Dialogue is also an interactive activity: Simon can choose from multiple possible responses, allowing a huge array of possibilities. Among them are options such as to be very linear with the storyline in regards to dialogue, or completely off the wall and comical, sometimes even downright mean. It is important to note that Simon is an open-ended adventure, meaning that there is no one linear way to do things. Tasks can be accomplished and items acquired in different orders, making each player’s experience a little different.

Last but not least, this game features the ability to switch music, sound effects, speech, and subtitles on or off at any time during the game.

Simon the Sorcerer II features two separate world maps and over 17 separate inner-world locations.

It’s not hard to point out what was likable about Simon the Sorcerer II, because there were likable things around every corner. The humor is just as good as it was in the first game, with Simon displaying that classically cynical and sarcastic persona. The game makes numerous references to existing fairy tales, offering both a familiar and funny environment that makes you feel less foreign to the world in the game.

Looking at icons instead of text commands made the control panel area appear less cluttered and distracting, which was a very nice touch. Most enjoyable feature-wise was the fact that subtitles can be switched on or off at any time during the game. This is immensely helpful when you can’t always hear what’s going on in the game or there are numerous noisy distractions around you.

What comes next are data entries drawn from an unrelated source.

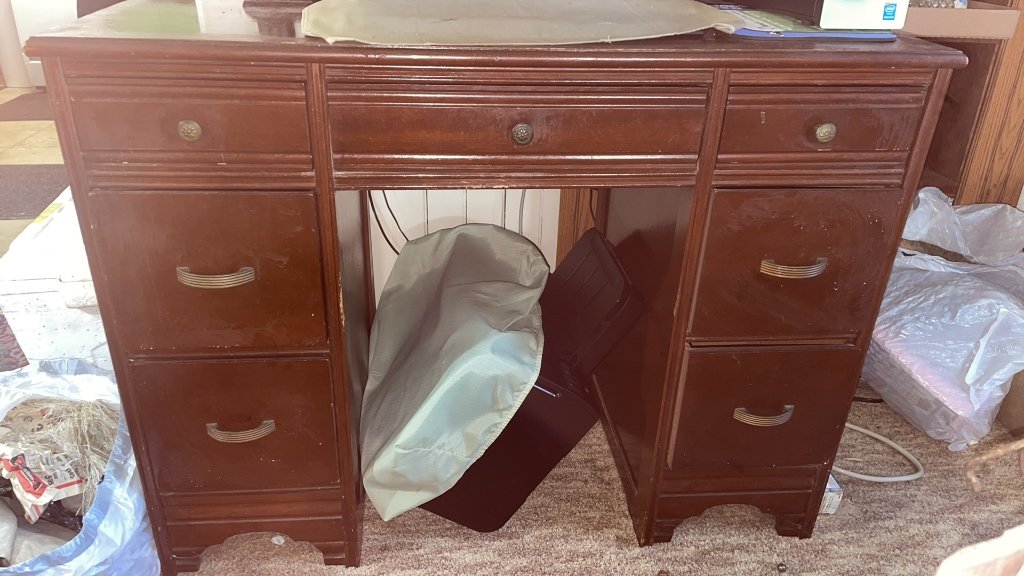 Property photo 361 - TIMED ONLINE ONLY PERSONAL PROPERTY AUCTION IN DEKALB COUNTY, IN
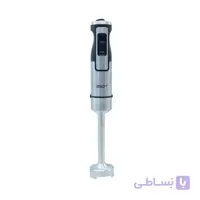گوشت کوب برقی مایر مدل MR-180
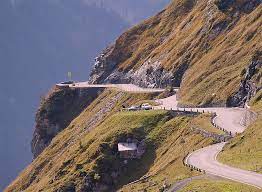 Find hotels in klausenpass, ch. Klausenpass Schweiz Photo Image Landscape Seasons Autum Fall Images At Photo Community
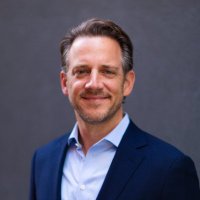 Andrew Kirsch (@as_kirsch) 's Twitter Profile Photo Andrew Kirsch (@as_kirsch) 's Twitter Profile Photo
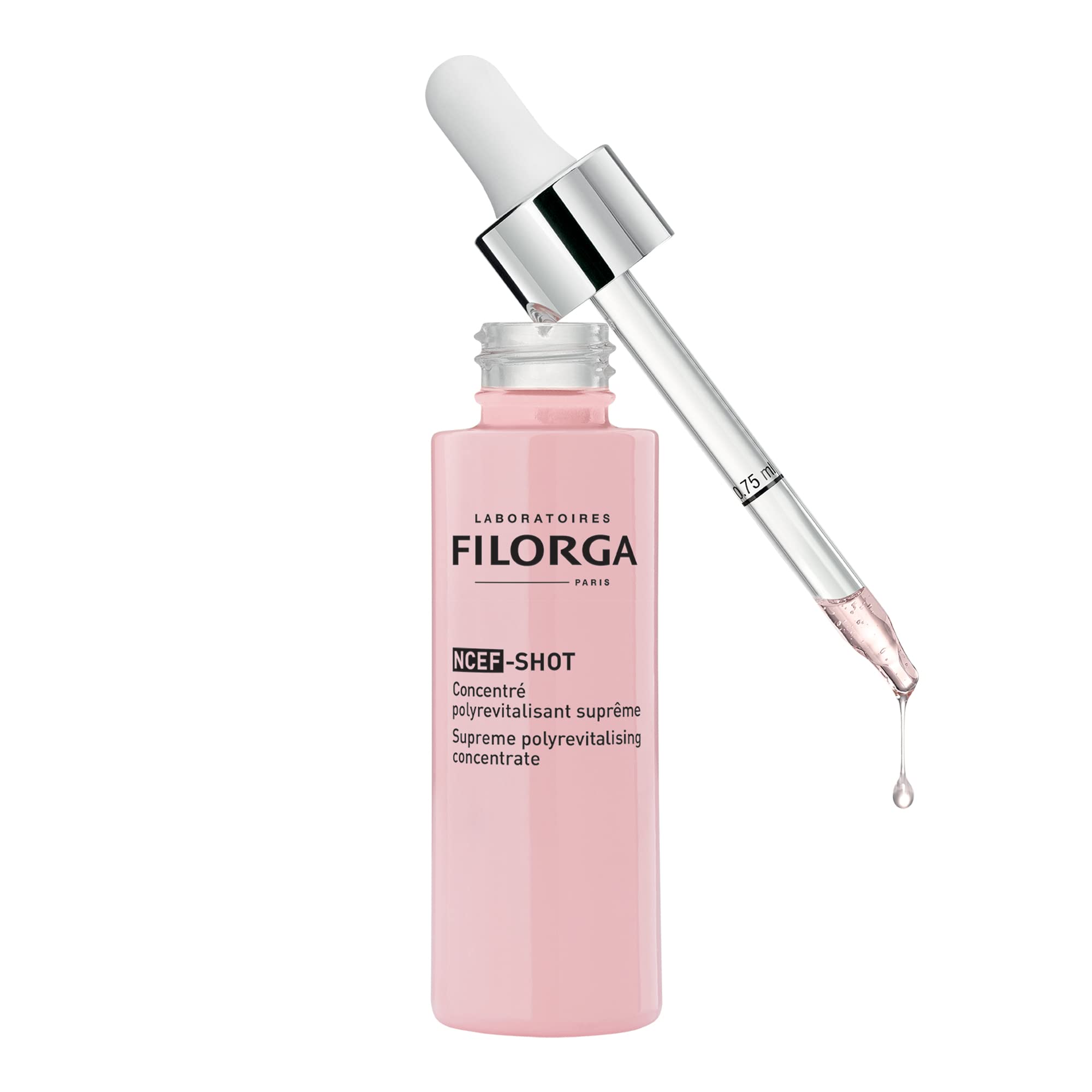 Filorga ncef Shot 15ml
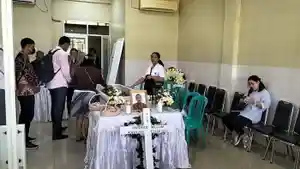 pengacara-muda-tewas-kecelakaan.jpg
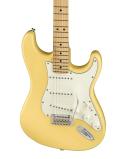 Fender Player Stratocaster (Maple Fingerboard, Capri Orange)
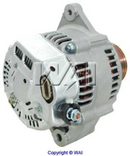 WAI Alternator - 13495N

Since the game is a sequel, there are many comical references to the previous title: but the developers kept this in mind. At one point during the game, Simon will even stop a character in mid-speech to fill in the gamer. "Not everyone bought the first game you know!" The environments are also much more easily accessed, being the ideal size, so there’s no more useless backtracking or screens anymore.

There were a few things that could have been improved, though. The dialogue audio is sometimes stuffy, and can barely be heard over the music. This is probably one reason why the ability to turn various audio and subtitle aspects on and off was added. When subtitles are in use, sometimes it will cut parts of the speech off entirely, or wait too long before going to a character’s response, which can really throw off the rhythm of a conversation. Due to the fact the game was made in 1995 and isn’t 3D, depth perception can be really poor at times, and it can be difficult to find or even see certain items. Lastly (and attempting not to spoil anything!), the ending is a "to be continued", making it a little less enjoyable than the first.

Yet Simon the Sorcerer II is definitely a game that delivers. It’s quite accurate to add that it is one of a select group of sequels that can be considered just as good, if not better than the first game. This game would naturally appeal to anyone who’s played Simon the Sorcerer, but newcomers would also enjoy it. Anyone who appreciates a bit of cynical humor, fairy tales, or adventures (or a combination!) would quickly find themselves having fun and laughing with this creative title.

For similar games, try Simon the Sorcerer, The Tales of Bingwood: To Save a Princess, and Mean Streets.